Ladies and gentlemen... this is a real live story of the day I attended Jaden's and Rowan's end-of-the-year school party! I spent the entire day trying to "pick up" moms with kids in a similar age range with the hope against hope of making a new friend - or at least a playdate.

And I didn't do too badly...

I ended up with two phone numbers. This is much better than I would have done in an actual pick-up scenario.

And now, I'm waiting the requisite three days before I call. I want to seem interested, but not too interested :)

Thursday, June 22, 2006

Listening to the Dentist Finally OR How I Became More Like My Dad

This is a story of behavior change and personal transformation. It may not be very interesting to you. But I've been thinking about it a lot, and I thought I'd share.

OK, "personal transformation" might be going too far. But it is about behavior change. And I should know all about behavior change because... well... behavior change is my professional specialty, and it has also been the bane of my existence my whole adult life. So when I see myself making a big change (like when I gave up Diet Coke in 1999 - which lasted until late 2003) I figure it is worthy of a story.

There are two parts to this story:

Part One: Do you remember when your dentist first told you to floss your teeth? I remember it well because it was a shock to me as a 20-something year-old that managing to brush your teeth twice-a-day wasn't enough of an effort to maintain your glossy whites. For about 10 years I outright dismissed the mild pressure to floss. Believe it or not, I've got a small mouth. It is not so easy to stick my hands in there, and I hate the feeling of bringing the floss back up out from between my teeth with a twang. It wasn't my thing, and I wasn't going to do it. But in my 30s, and particularly in recent years, the pressure to floss from my dental hygenist has become more like a moral plea from a Pentecostal minister.

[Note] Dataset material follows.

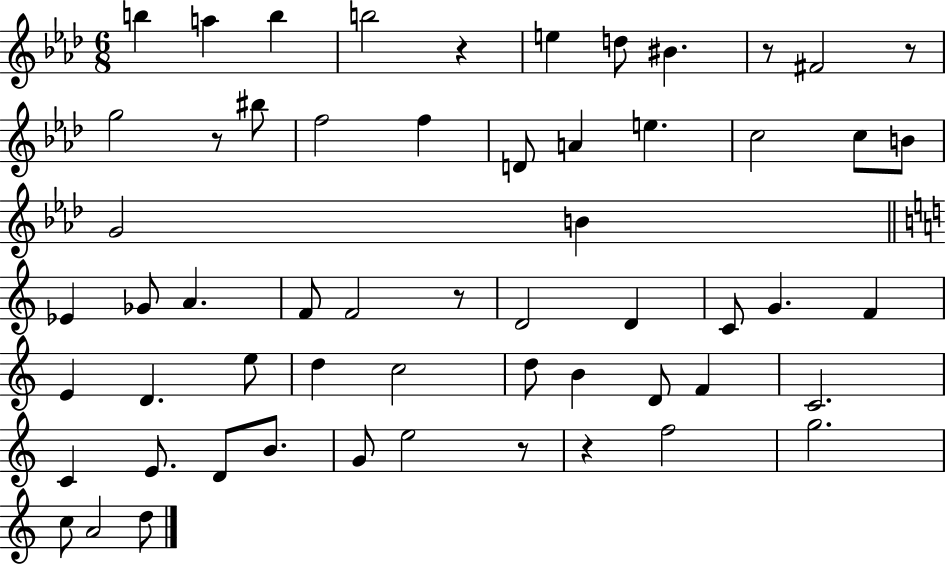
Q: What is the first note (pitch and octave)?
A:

Sinner, change your ways. Floss or you are going to hell!

Nevertheless, despite half-hearted efforts in the days immediately following a dental appointment, I never picked up the habit. I find better company among the flossing sinners than the saints who floss twice-a-day. (And in my old job there were always women in the ladies room at lunch flossing their teeth - which I found kind of gross in a public bathroom.)

Part Two: In the rest of the world, meat has copious amounts of fibrous strings. Most people don't really know about that in the US anymore because the meat we eat has been bio-engenered to be meaty and smooth. But everywhere else, you eat a piece of chicken and you get a lot of it stuck between your teeth. And if you eat beef... you could be picking at your teeth for days. Let's face it, even if you have long fingernails and no inhibitions about sticking your hands in your mouth to pick your teeth, you still need help getting the meat out. This is why God invented toothpicks. And toothpicks are present on every table here at restaurants fancy and cheap. Most people, mzingu (white folks) included, spend some amount of time with two or three toothpicks working out the pieces in the course of any given day. Unfortunately, there is a toothpick quality problem. The toothpicks here fall apart easily. And in fact, I had a toothpick splinter in my gum just two weeks ago. But in the end I was lucky and it worked itself out.

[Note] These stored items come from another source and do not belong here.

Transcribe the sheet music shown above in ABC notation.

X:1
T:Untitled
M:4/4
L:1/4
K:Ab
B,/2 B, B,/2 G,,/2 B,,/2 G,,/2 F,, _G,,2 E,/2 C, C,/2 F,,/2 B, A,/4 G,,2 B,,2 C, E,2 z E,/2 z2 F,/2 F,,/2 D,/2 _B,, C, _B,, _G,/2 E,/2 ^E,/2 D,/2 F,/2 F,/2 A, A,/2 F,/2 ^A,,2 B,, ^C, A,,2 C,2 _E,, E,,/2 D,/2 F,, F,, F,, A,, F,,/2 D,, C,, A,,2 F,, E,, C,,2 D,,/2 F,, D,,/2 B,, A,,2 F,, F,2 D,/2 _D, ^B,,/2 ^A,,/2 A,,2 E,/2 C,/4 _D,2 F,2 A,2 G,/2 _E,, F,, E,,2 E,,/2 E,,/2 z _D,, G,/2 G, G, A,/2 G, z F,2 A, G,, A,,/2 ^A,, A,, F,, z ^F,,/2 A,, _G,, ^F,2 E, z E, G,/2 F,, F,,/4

The Transformation: Today I can announce to you that I have found the mountain. I have flossed every single day since I arrived in Tanzania. It took a combination of fear of having to go to the dentist here (which I'm told I need to fly to Nairobi or Johannesburg to do instead of submitting myself to the local witch dentist) and the fact that every night, despite many minutes a day of picking my teeth with low quality toothpicks, I have a bounty of pieces of chicken, beef or whatever twanging satisfactorily out of my mouth. It just goes to prove that structural/environmental interventions work best for achieving behavior change. And in a strange way, this has brought me closer to my Dad, who has picked his teeth every day of his life much to the dismay of his family.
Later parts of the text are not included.